Así que él cumplió ejemplarmente aquel arte de pilotar de la hermosa analogía de Platón en "La República": "Figúrate que en una nave o en varias ocurre algo como lo que voy a decirte: hay un patrón más corpulento y fuerte que todos los demás de la nave, pero un poco sordo, otro tanto corto de vista y con conocimientos náuticos parejos a su vista y a su oído; los marineros están en reyerta unos con otros por llevar el timón, creyendo cada uno de ellos que debe regirlo sin haber aprendido jamás el arte del timonel ni poder señalar quién fue su maestro ni el tiempo en que lo estudió, antes bien, aseguran que no es cosa de estudio y se muestran dispuestos a hacer pedazos al que diga que lo es. Estos tales rodean al patrón instándole y empeñándose por todos los medios en que les entregue el timón; y sucede que?. dejan impedido al honrado patrón con mandrágora, con vino o por cualquier otro medio y se ponen a mandar en la nave apoderándose de lo que en ella hay.
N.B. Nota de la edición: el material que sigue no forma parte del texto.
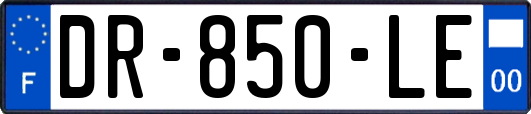 DR-850-LE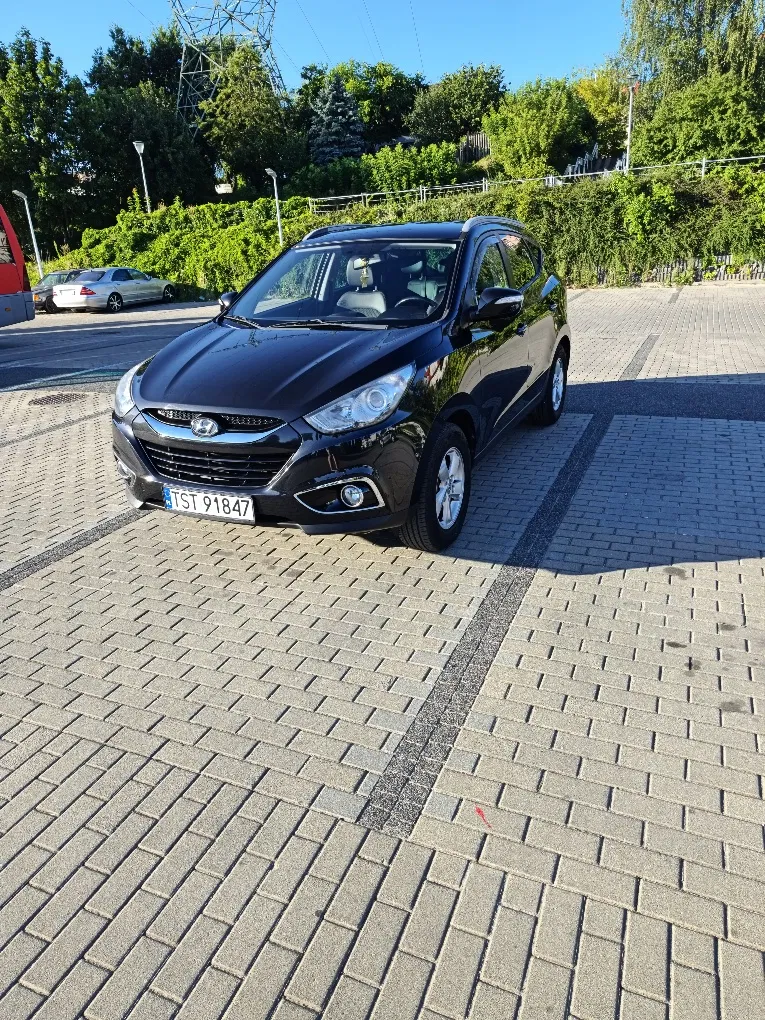 Zdjęcie: 2010 Hyundai ix35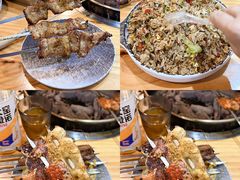 -水浒烤肉(医学院店)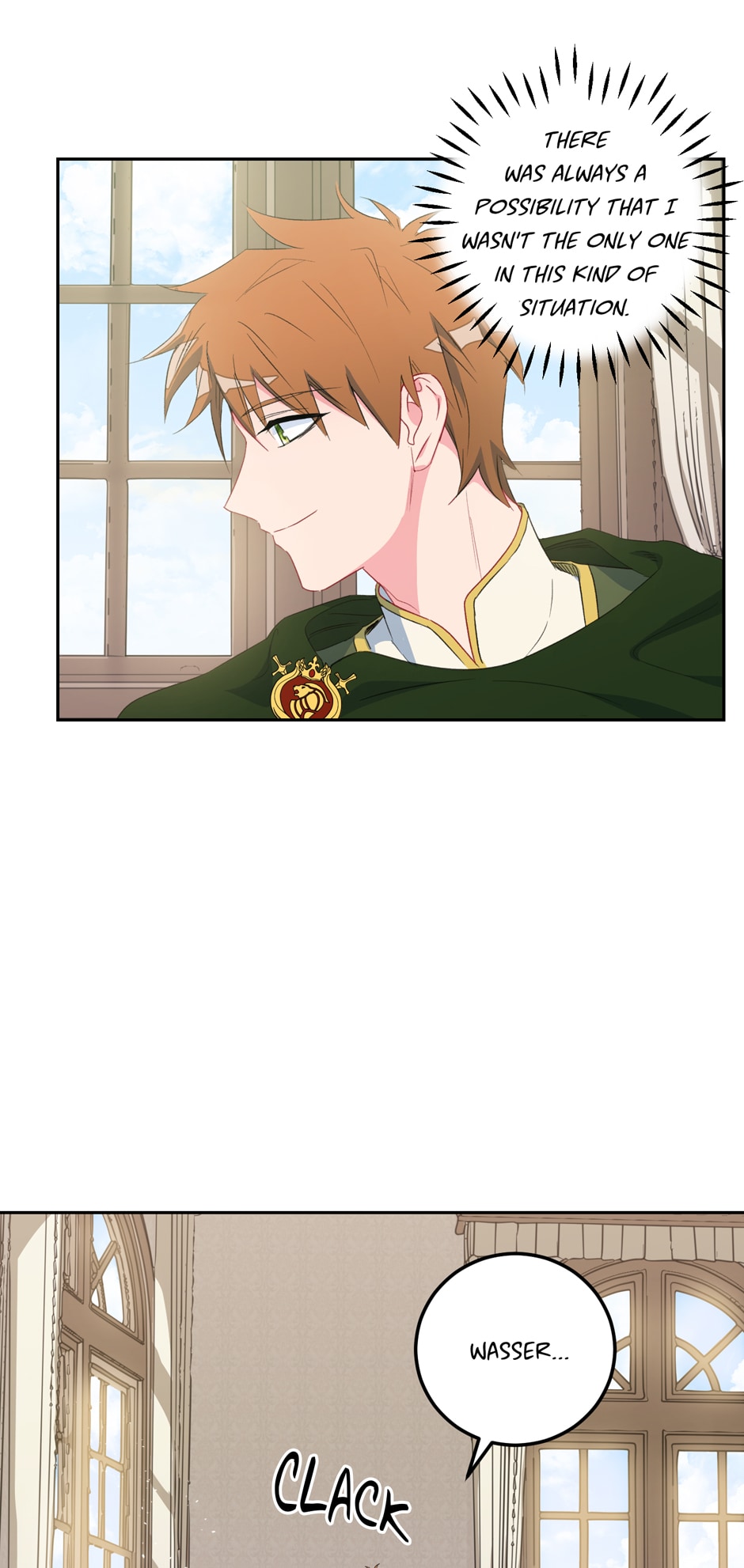 What Do You Want to Be, Prince Chapter 30 page 52 -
Y así, bebiendo y banqueteando, navegan como es natural que lo hagan tales gentes y, sobre ello, llaman hombre de mar y buen piloto y entendido en la náutica a todo aquel que se da arte a ayudarles en tomar el mando por medio de la persuasión o fuerza hecha al patrón?; y no entienden tampoco que el buen piloto tiene necesidad de preocuparse del tiempo, de las estaciones, del cielo, de los astros, de los vientos y de todo aquello que atañe al arte si ha de ser en realidad jefe de la nave. Y en cuanto al modo de regirla, quieran los otros o no, no piensan que sea posible aprenderlo ni como ciencia ni como práctica, ni por lo tanto el arte del pilotaje. Al suceder semejantes cosas en la nave, ¿no piensas que el verdadero piloto será llamado un miracielos, un charlatán, un inútil por los que navegan en naves dispuestas de ese modo?"

Eso fue Fernández-Miranda, el piloto de la nave del Estado, el perito de la navegación histórica. El que sabía de barcos, cielos y navegaciones. Al que muchos, en distintos momentos, consideraron un "miracielos". Y por eso le apartaron. Y hasta tuvieron el insólito descaro -sin citar aquí sus nombres- de soltarle un tabernario, "o te callas, o te vas". Y se fue. Puede decirse que muchos de los males que luego nos vinieron -y nos siguen viniendo- ocurrieron por dejar de lado manos con tantos conocimientos náuticos. Manos de "Admirable Consejero" que conocían la pólvora de la soberanía y avisaron del peligro de hacer malabarismos con esa peligrosa sustancia, y en especial con la idea de Nacionalidades, avisos que han resultado proféticos. La tragedia final es conocida: el país llegó a la terrible aberración de ver cómo el Padre de los Padres Constitucionales, el que abrió el paso a la Constitución y a la era democrática, no llegó a firmarla porque le parecía que, en puntos esenciales, iba contra la Razón. Que fue al único Dios al que sirvió siempre: la Razón del Estado, cosa muy distinta a la Razón de Estado. De esa Razón -inglesa e ilustrada- sacó él las Tablas de la Ley. Que fue lo que nos regaló: el supremo respeto anglosajón a la ley.